Parom subsystems would be upgraded versions of those proven on the Soyuz TMA spacecraft.
Parom would have two active docking units: one for docking to the payload and the other for docking to the ISS. Parom's propulsion system would be designed for refueling and very long-term storage of hypergolic storable propellants. Solar arrays would provide power.
Between missions Parom would remain docked to the ISS. When a payload was launched for the ISS, Parom would separate, rendezvous and dock with the payload, transport it to the station, and then dock automatically with the station. A small pressurized module within Parom would provide an airlock between the station and any pressurized compartments of the payload canister or spacecraft requiring unloading. After the cargo was unloaded and filled with trash, Parom would separate from the station, jettison the container into an orbit ensuring it would burn up over the south Pacific, then return to the ISS to await the next payload launch.

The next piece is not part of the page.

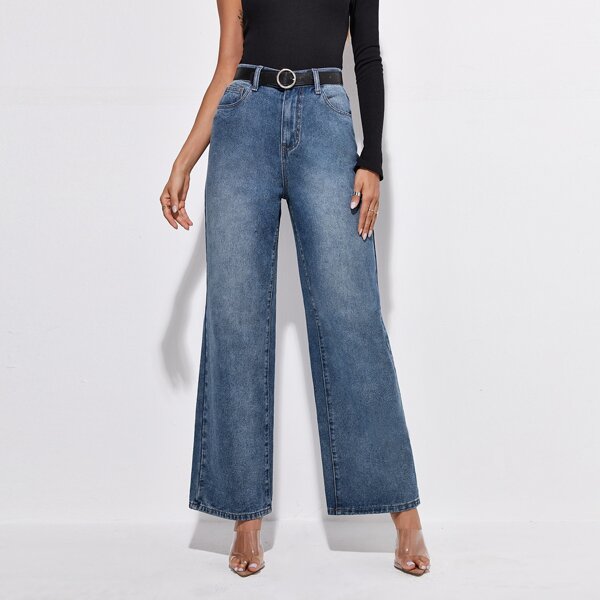 

Bleach Wash High Waist Wide Leg Jeans Without Belt, Medium wash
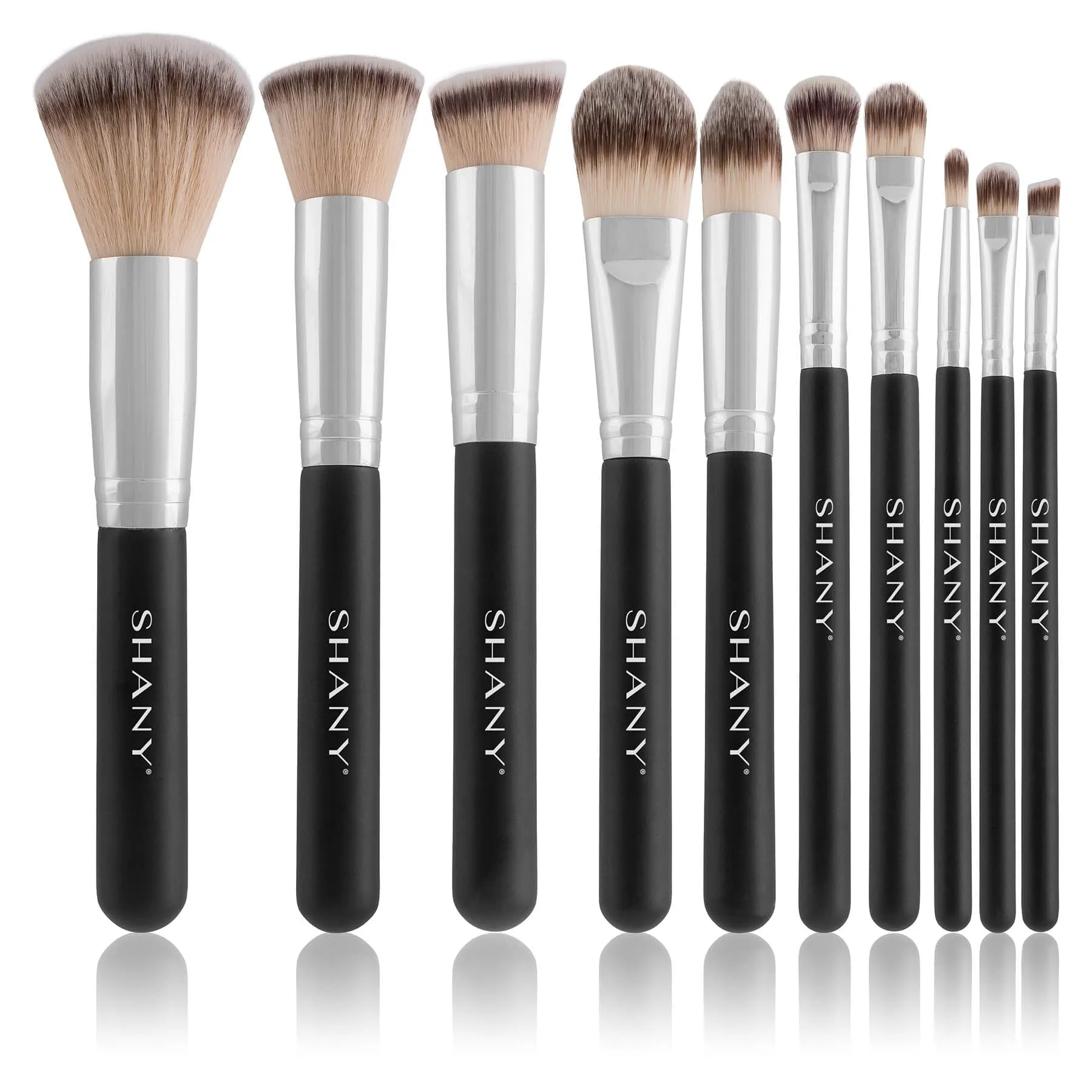Black OMBRE Pro 10 PC Essential Makeup Brush Set with Travel Pouch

Cargo containers would be kept simple to reduce cost. An unpressurized portion would have propellant tanks for refueling Parom or the ISS. Equipment aboard the container would be limited to a module providing minimal attitude control using electric flywheels, and a passive docking unit. Containers could be designed for launch by either Soyuz or Proton launch vehicles, and deliver from 4 to 13 metric tons of payload depending on the launch vehicle and mission profile. Therefore the payload delivered by the existing Progress resupply spacecraft using a Soyuz launch vehicle - 2 metric tons - would be doubled using the Parom concept.
As of 2006, Russia planned the first Parom launch in 2009 - as always, subject to delays due to unavailability of development funding.
Parom would have a dry mass of 5990 kg, and as first launched by Soyuz, a gross mass of around 7000 kg. However if launched by a Proton, the initial mass fuelled could be as much as 12,500 kg. It could accommodate modules of 3.2 m diameter and 26 cubic meters of payload. Capable of free flight durations of up to 180 days, it was to be designed to handle 60 tug missions over a 15 year period.